ScyllaDB is eventually consistent. All statements in CRDB are transactions, and all transactions are serializable.

Really, it’s apples and oranges - Scylla is an eventually consistent AP system, while CockroachDB is a strongly consistent CP system. As Ben notes in that last article:

For most applications, a CAP-Consistent database like CockroachDB is often the better choice, despite potentially longer latencies, because it offers a simple contract to the application developer:

  • The most recent write is always visible to subsequent readers (single register linearizability).
  • Other developers cannot compromise an app’s consistency with optional write settings.
  • In the event of partitions, the system will block rather than return inconsistent data.

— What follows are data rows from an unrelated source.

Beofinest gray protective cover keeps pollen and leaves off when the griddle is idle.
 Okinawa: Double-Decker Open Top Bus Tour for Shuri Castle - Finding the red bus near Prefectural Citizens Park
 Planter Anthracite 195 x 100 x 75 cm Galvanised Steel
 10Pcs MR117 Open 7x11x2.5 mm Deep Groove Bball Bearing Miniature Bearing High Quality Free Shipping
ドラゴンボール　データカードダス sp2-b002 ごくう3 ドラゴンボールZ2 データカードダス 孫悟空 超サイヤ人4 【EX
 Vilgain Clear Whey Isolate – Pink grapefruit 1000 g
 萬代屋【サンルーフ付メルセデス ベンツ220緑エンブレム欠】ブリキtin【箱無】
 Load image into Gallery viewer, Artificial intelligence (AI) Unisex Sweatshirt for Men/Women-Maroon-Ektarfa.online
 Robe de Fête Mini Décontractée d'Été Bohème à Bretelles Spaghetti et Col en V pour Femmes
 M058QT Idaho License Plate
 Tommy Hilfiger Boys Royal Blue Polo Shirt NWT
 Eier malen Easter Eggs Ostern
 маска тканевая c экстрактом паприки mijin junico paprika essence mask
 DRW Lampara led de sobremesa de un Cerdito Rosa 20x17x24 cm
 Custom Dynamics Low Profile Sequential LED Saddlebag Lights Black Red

That said, if you share some details about your schema, DML, and test, we may be able to help close the performance gap. It’d also be helpful to know which consistency level you’re using in Scylla, since the benefit might go away if the test is run with QUORUM as the consistency level.



CRDB supports SQL spec. Isnt it a great difference ?
Trying to do that with Scylla using Apache Spark or Drill would make the deployment complex

That is indeed a big difference as well - thanks for calling it out @piyush.

Your welcome. :slight_smile:

IMHO Comparing the Distributed KV database (NoSQL) with Distributed SQL (NewSQL as they say) database is like comparing the Branch of the tree with the whole tree itself.

Any distributed database like CRDB which not only handles the storage layer but also Intelligent Replication, Higher level (SQL or anything similar) Query engine, monitoring tools is just simply a blessing. The (Declarative) code is coming to data rather than the reverse, which I think makes a great difference in terms of computation time needed.

Looking forward CRDB to support DB procedures and recursive common table expressions, which will make many data-intensive jobs easier.


These are very different systems.

Scylla is a high-performance C++ version of Cassandra. Scylla/Cassandra are wide-column databases, or better referred to as advanced key/value databases. The original research is from Amazon’s Dynamo white paper and it’s similar to Amazon DynamoDB, Google’s BigTable, Apache HBase, Microsoft Azure Table Storage, and several other systems.

Scylla/Cassandra has consistency levels that can be changed per-query, for eventual to strong consistency, but it is designed as a high-speed, write-heavy, multi-region, highly available, distributed sorted key-value store. It might look like a relational database with SQL and tables but it acts completely different internally.

It has tables with a primary key, where the entire row is stored as 1 big chunk that’s accessed by the key, and each column within that row is another key/value pair, which is why it’s better called a nested key/value store. The primary key is the only way to access data and get a row, or a prefix of the key to scan rows. Scylla/Cassandra support CQL which stands for the Cassandra Query Language. It looks like SQL but is very minimal and just an easy way to insert, update, and delete data by key.

Scylla does not support joins, there are no full secondary indexes (although you can create your own by just writing duplicate data), updates and inserts are the same (everything is an upsert), there is TTL and table compaction, anything column can be null and schema is very lightly enforced, and there are no aggregations or CTEs or any other advanced queries.

CockroachDB is a full-fledged relational database designed for automated sharding and replication of your data. It won’t match the pure throughput and performance of Scylla but it is designed for much higher level querying and general usability. Unless you really need Scylla and the specific data model it has (which doesn’t seem so from your question), then I would recommend sticking with CockroachDB.